* What is needed *
This calls for a verbatim copy of all the data, with no images carried over.

* Provided material *
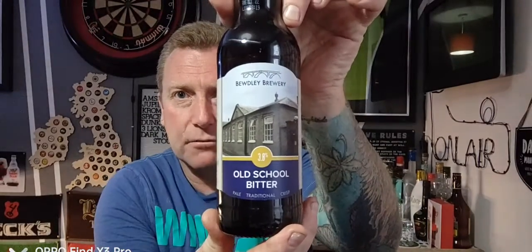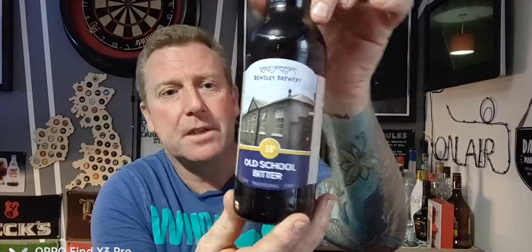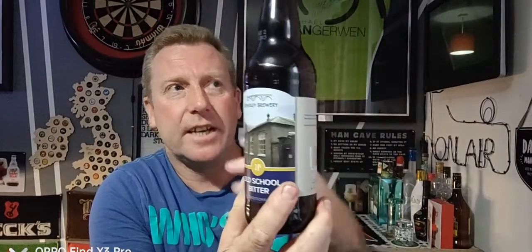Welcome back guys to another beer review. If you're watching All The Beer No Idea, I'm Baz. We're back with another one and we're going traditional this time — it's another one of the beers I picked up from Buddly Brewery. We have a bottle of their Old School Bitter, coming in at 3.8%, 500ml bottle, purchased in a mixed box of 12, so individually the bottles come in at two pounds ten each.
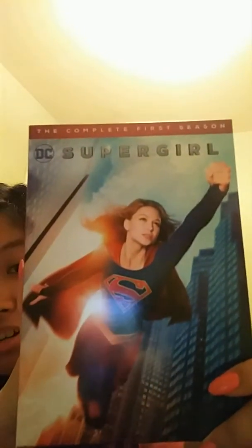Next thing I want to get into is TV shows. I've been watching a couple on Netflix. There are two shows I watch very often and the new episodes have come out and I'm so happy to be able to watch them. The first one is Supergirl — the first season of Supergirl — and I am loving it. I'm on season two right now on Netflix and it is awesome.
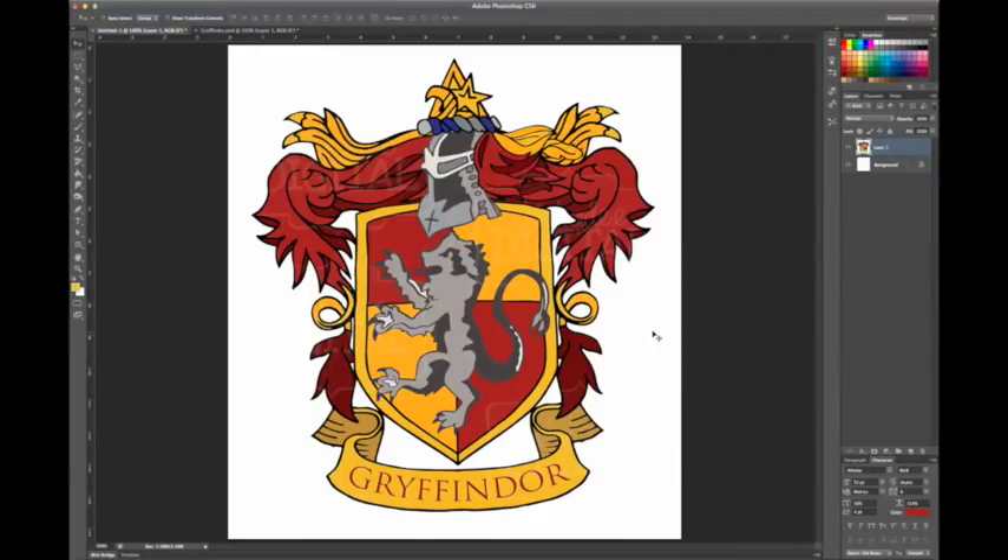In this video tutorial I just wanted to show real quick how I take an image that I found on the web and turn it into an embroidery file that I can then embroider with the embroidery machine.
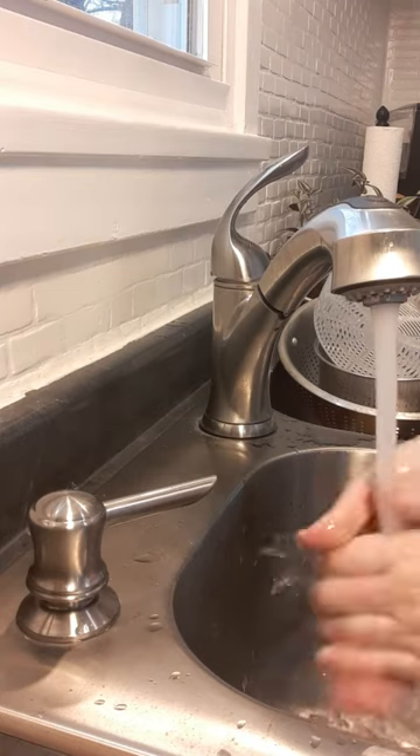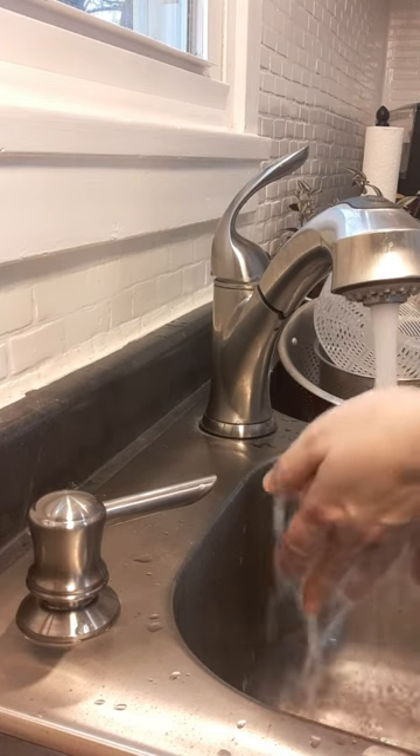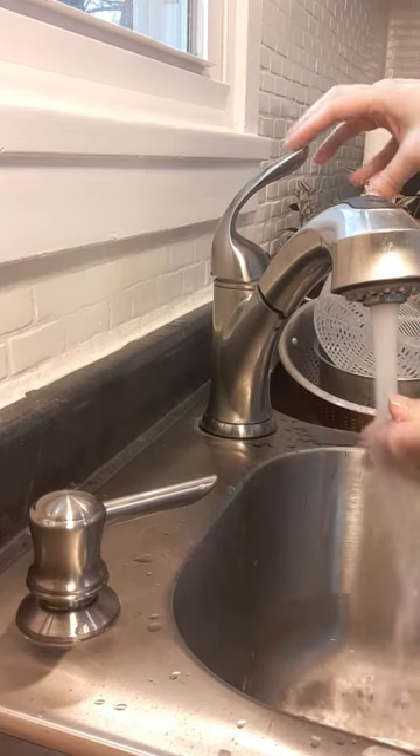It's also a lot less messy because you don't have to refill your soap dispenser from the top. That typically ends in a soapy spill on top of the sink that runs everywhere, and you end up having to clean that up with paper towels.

* Your response *
Welcome back guys to another beer review. If you're watching All The Beer No Idea, I'm Baz. We're back with another one and we're going traditional this time — it's another one of the beers I picked up from Buddly Brewery. We have a bottle of their Old School Bitter, coming in at 3.8%, 500ml bottle, purchased in a mixed box of 12, so individually the bottles come in at two pounds ten each.
Next thing I want to get into is TV shows. I've been watching a couple on Netflix. There are two shows I watch very often and the new episodes have come out and I'm so happy to be able to watch them. The first one is Supergirl — the first season of Supergirl — and I am loving it. I'm on season two right now on Netflix and it is awesome.
In this video tutorial I just wanted to show real quick how I take an image that I found on the web and turn it into an embroidery file that I can then embroider with the embroidery machine.
It's also a lot less messy because you don't have to refill your soap dispenser from the top. That typically ends in a soapy spill on top of the sink that runs everywhere, and you end up having to clean that up with paper towels.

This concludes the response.